Exercise objective.
When you reach the line in the data below that contains "Shaffer 1 - Residential", please start repeating lines exactly, and stop after the line that contains "Property slide 2", repeating nothing else.

Records shown.
----

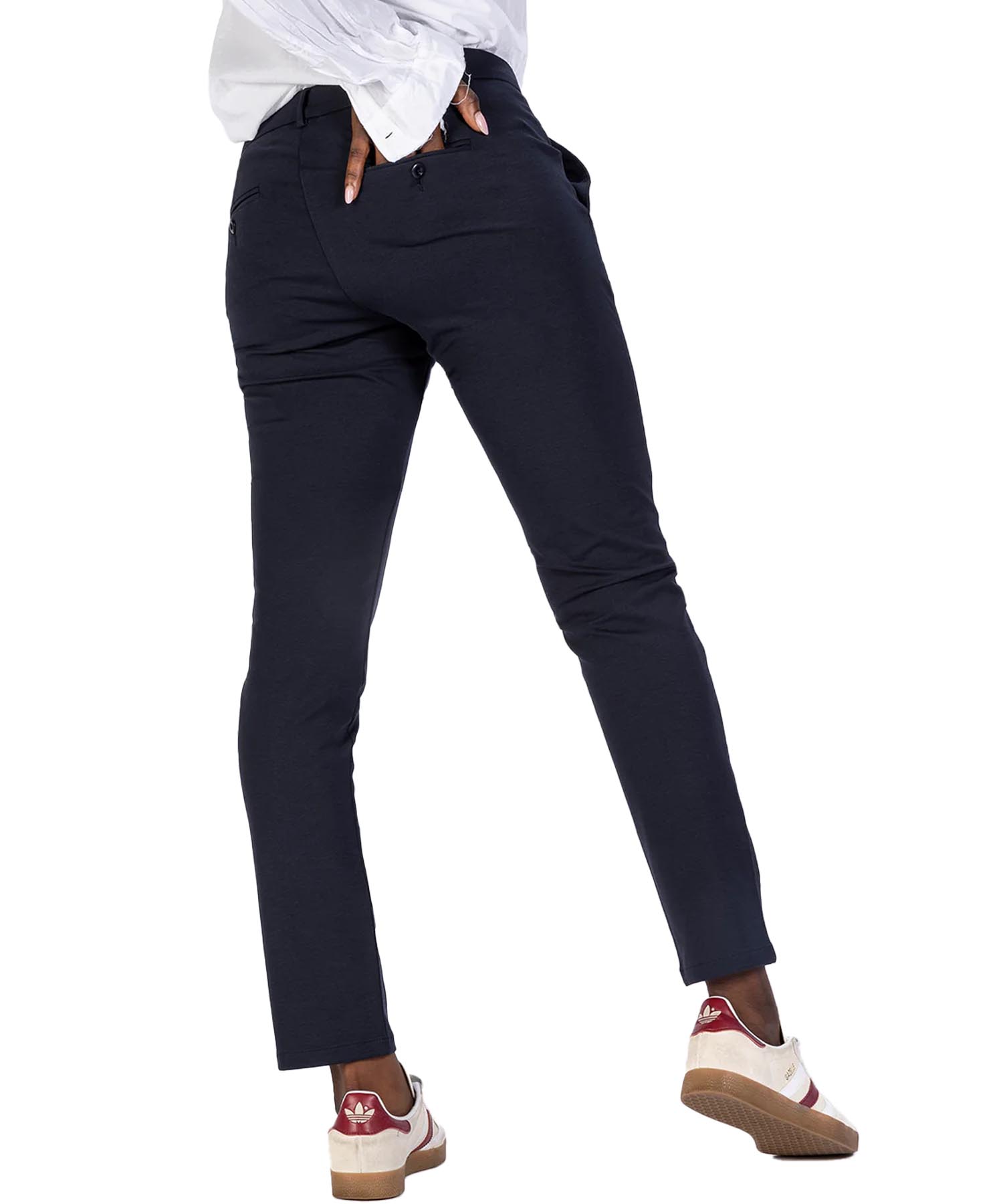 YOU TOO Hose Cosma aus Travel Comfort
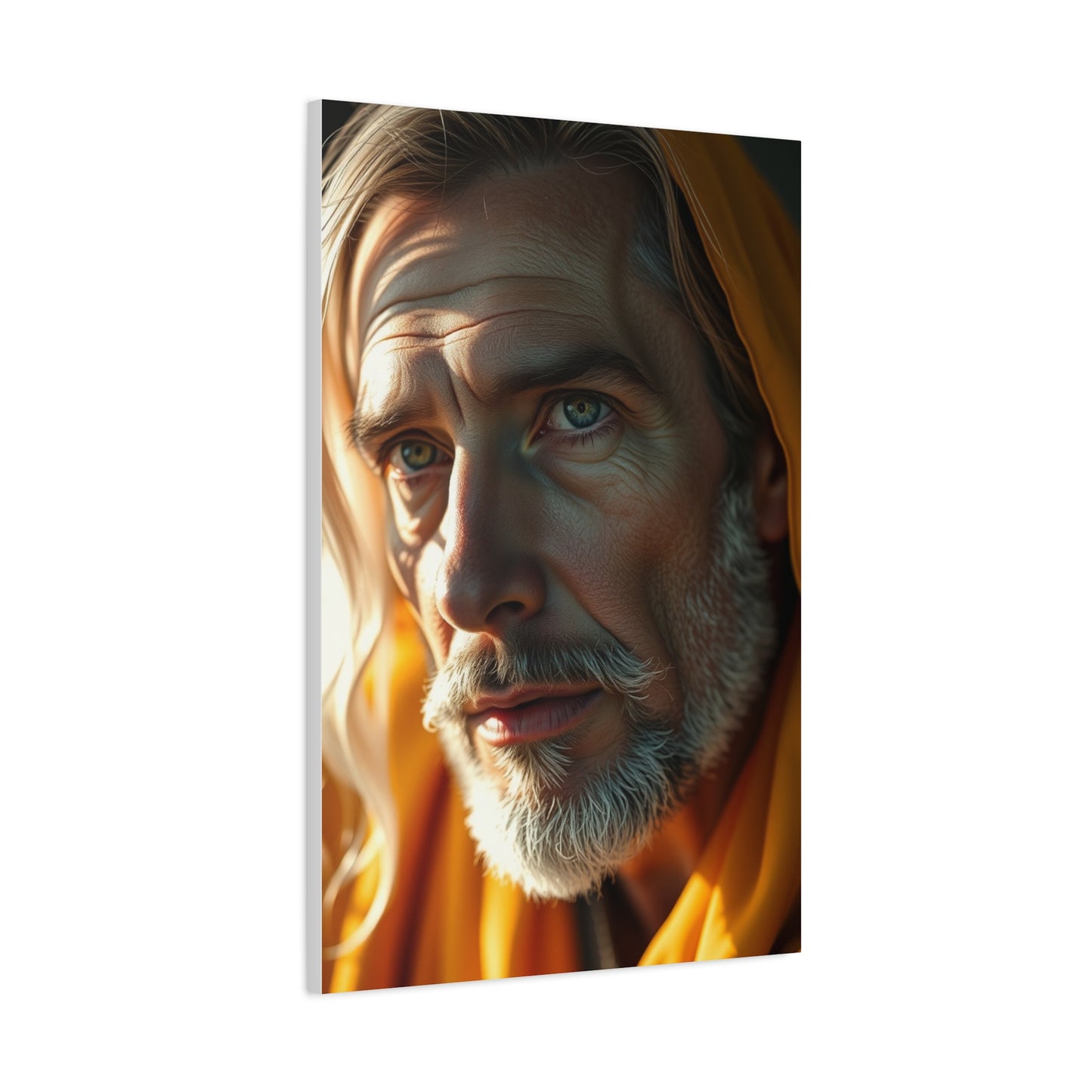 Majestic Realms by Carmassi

----

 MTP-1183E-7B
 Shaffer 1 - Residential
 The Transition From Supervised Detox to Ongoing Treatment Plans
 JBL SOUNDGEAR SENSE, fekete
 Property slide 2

----

Completed exercise.
 Shaffer 1 - Residential
 The Transition From Supervised Detox to Ongoing Treatment Plans
 JBL SOUNDGEAR SENSE, fekete
 Property slide 2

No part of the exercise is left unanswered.